My initial reaction was: wtf is the new terms above? Had me stumped for a while I must confess.. Then I realised they were just cancelling out extras conjured into existence like a quickly annihilating virtual particle/anti-particle in the quantum vacuum. These “nothing terms” are used for factoring to arrive at our difference-of-a-product form at 2.54 in the book. So, more verbosely, the factoring step is in blue this time:

\[\begin{align} \Delta(u(x)v(x)) &= u(x+1)v(x+1) - u(x)v(x) \\ &= u(x+1)v(x+1) - u(x)v(x+1) + u(x)v(x+1) - u(x)v(x) \\ &= \boldsymbol{\color{blue}v(x+1)(u(x+1) - u(x)) + u(x)(v(x+1) - v(x))\color{#3d4144}} \\ &= v(x+1)\Delta u(x) + u(x)\Delta v(x) \\ &= u(x)\Delta v(x) + v(x+1)\Delta u(x) \end{align}\]

Last two lines just swapped to end up where the book does. This seemed kind of magical to me but, I suppose, it works due to the commutative and associative laws of addition/multiplication. I even tried it out with actual numbers and it works :D

Deriving Actual Summation by Parts

My next moment of confusion came when deriving the actual summation by parts. We start with the compact rule for difference of a product using the $E$ “nuisance” (quoting the book here :) ):

\[\Delta(uv) = u\Delta v + Ev\Delta u\]

Then they say:

Taking the indefinite sum on both sites of this equation, and rearranging its terms, yields the advertised rule for summation by parts:

\[\sum u\Delta v = uv - \sum Ev\Delta u\]

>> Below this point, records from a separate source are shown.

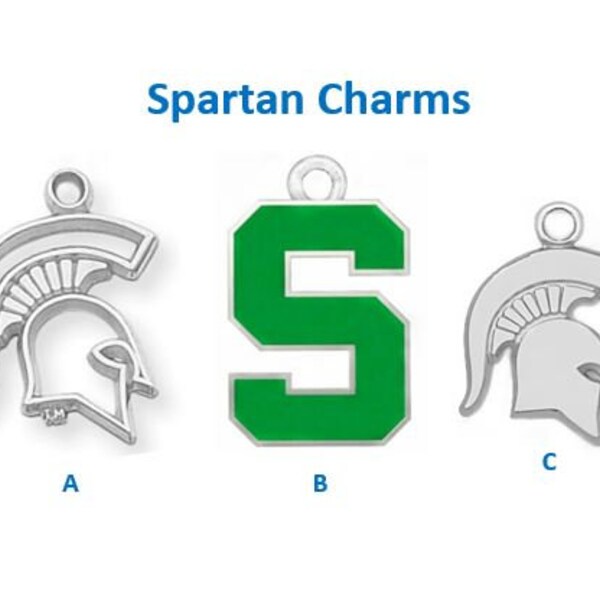 Spartan charms, Green 'S' Sports charm and player number charms, Athletic charms for bracelet, pendant and keychain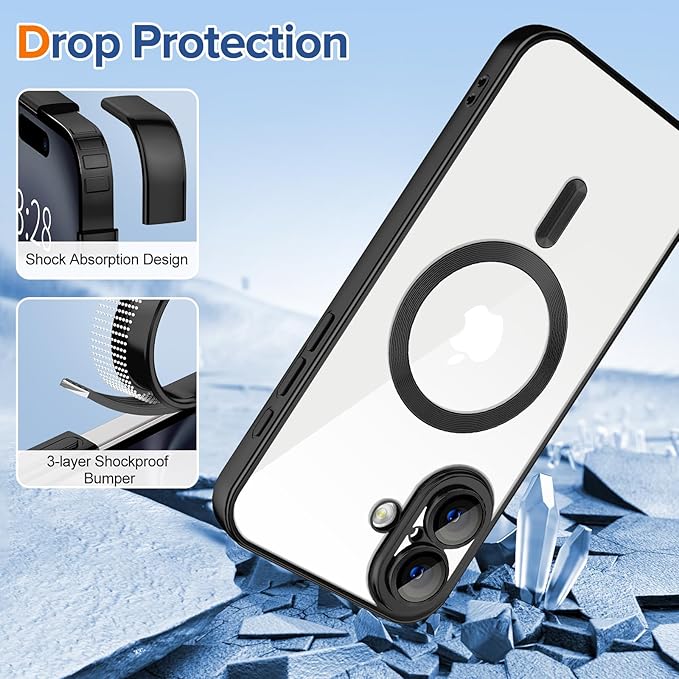 Hython Magnetic Clear for iPhone 16 Case with Camera Lens Protector [Compatible with MagSafe] Luxury Plating Edge Slim Soft TPU Cover Protective Phone Case for iPhone 16 6.1", Matte Black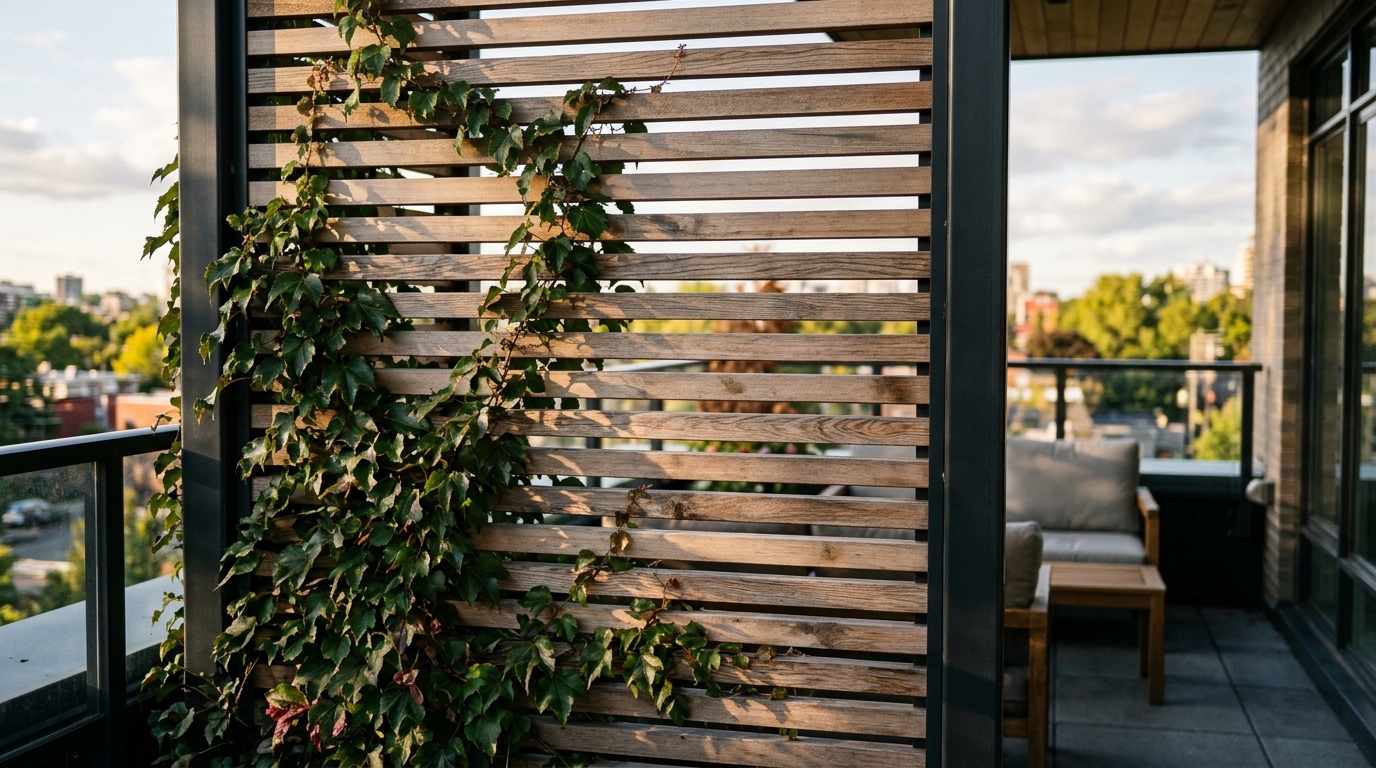 Symmetry in design: matching outdoor planters with dried autumn grasses for balcony privacy ideas.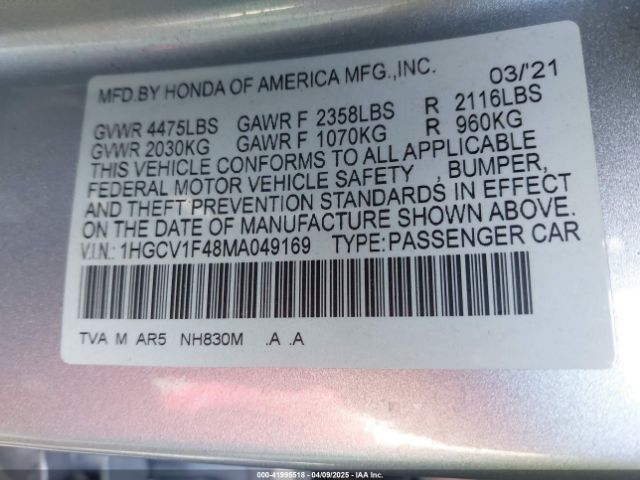 1HGCV1F48MA049169 Honda Accord Sport Special Edition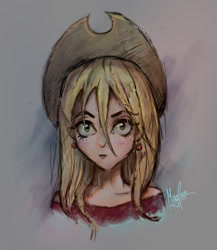 Size: 773x891 | Tagged: safe, artist:magfen, applejack, human, g4, alternate hairstyle, applejack's hat, clothes, cowboy hat, creepy, ear piercing, earring, gray background, hat, humanized, jewelry, piercing, shirt, simple background, solo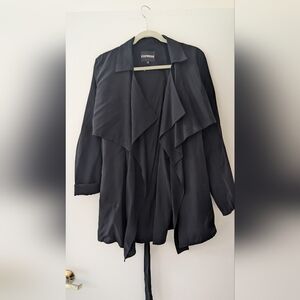 Express Black Draped Open-Front Blazer Jacket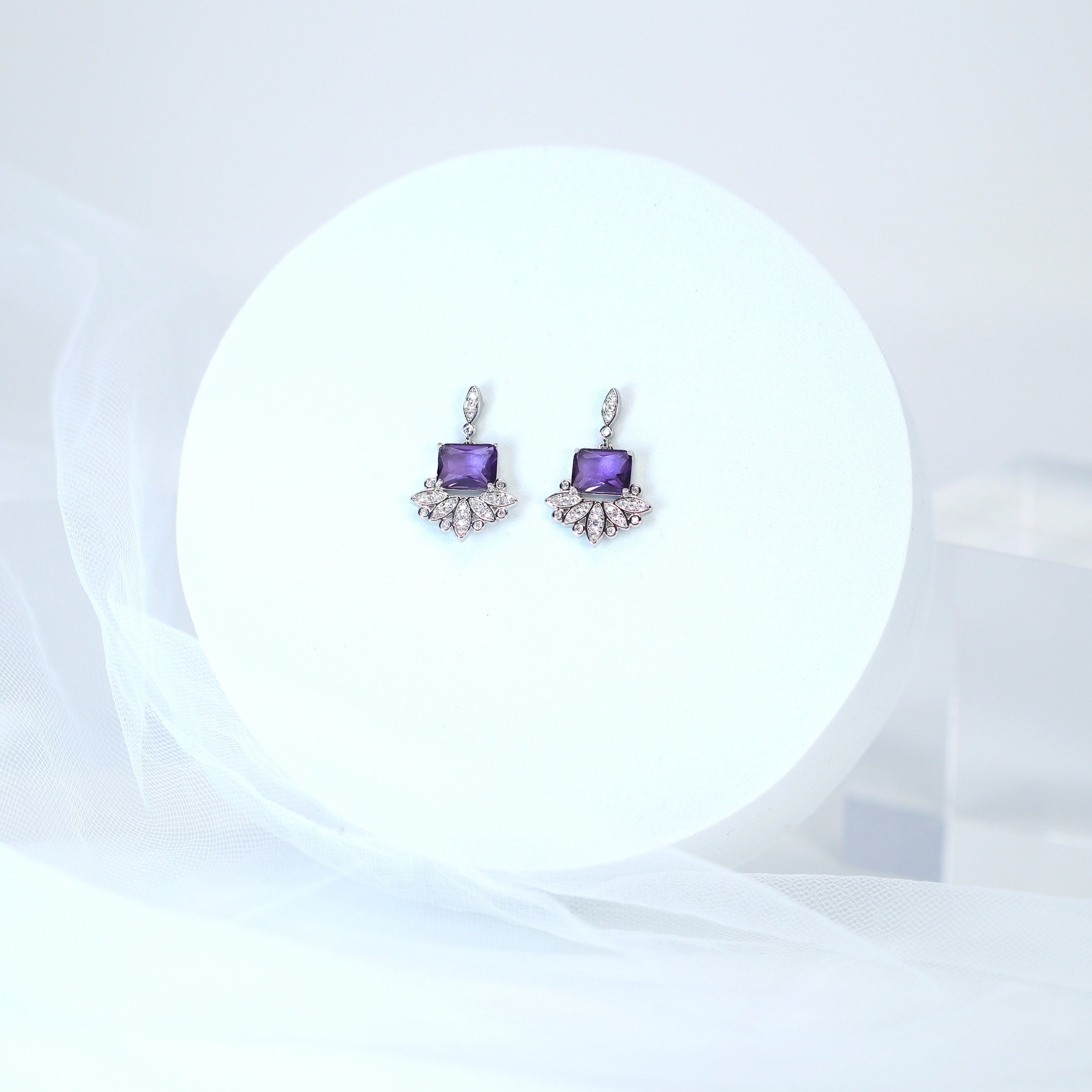 Swarovski Crystal Flower Drop Earrings with Purple Accent - Elegant Dainty Bridal Jewelry, Wedding Statement Earrings with CZ Stones | Perfect for Brides, Prom, Evening Parties & Special Occasions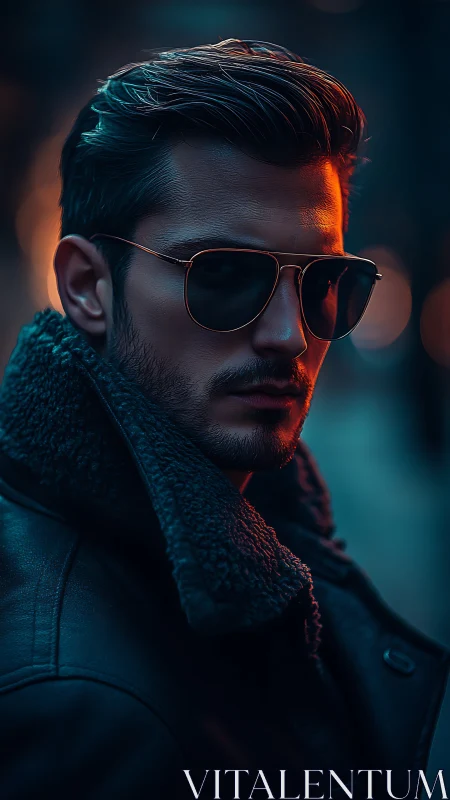 Cinematic low key portrait of man in aviators and shearling coat.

I get the rearrangement of terms but how $\Delta(uv)$ becomes $uv$ was a bit of a mystery. After the requisite amount of time overthinking it, it is just literally following through the steps of turning $\Delta(uv)$ into $-\Delta(uv)$ when re-arranging; then shaking things out. I find it useful to expand everything and go from there:

\[\begin{align} -\Delta(uv) &= -\Delta(u(x)v(x)) \\ &= -(u(x+1)v(x+1) - u(x)v(x)) \\ &= -u(x+1)v(x+1) + u(x)v(x) \\ &= -u(x)v(x) \\ &= -uv \\ \end{align}\]

Then, in 2.56 in the book, the rearrangment part makes it positive:

\[\begin{align} \Delta(uv) &= u\Delta v + Ev\Delta u \\ -u\Delta v &= -\Delta(uv) + Ev\Delta u \\ u\Delta v &= \Delta(uv) - Ev\Delta u \end{align}\]

Finally they take the indefinite sum on both sides giving us the summation by parts rule

\[\sum u\Delta v = \Delta(uv) - \sum Ev\Delta u\]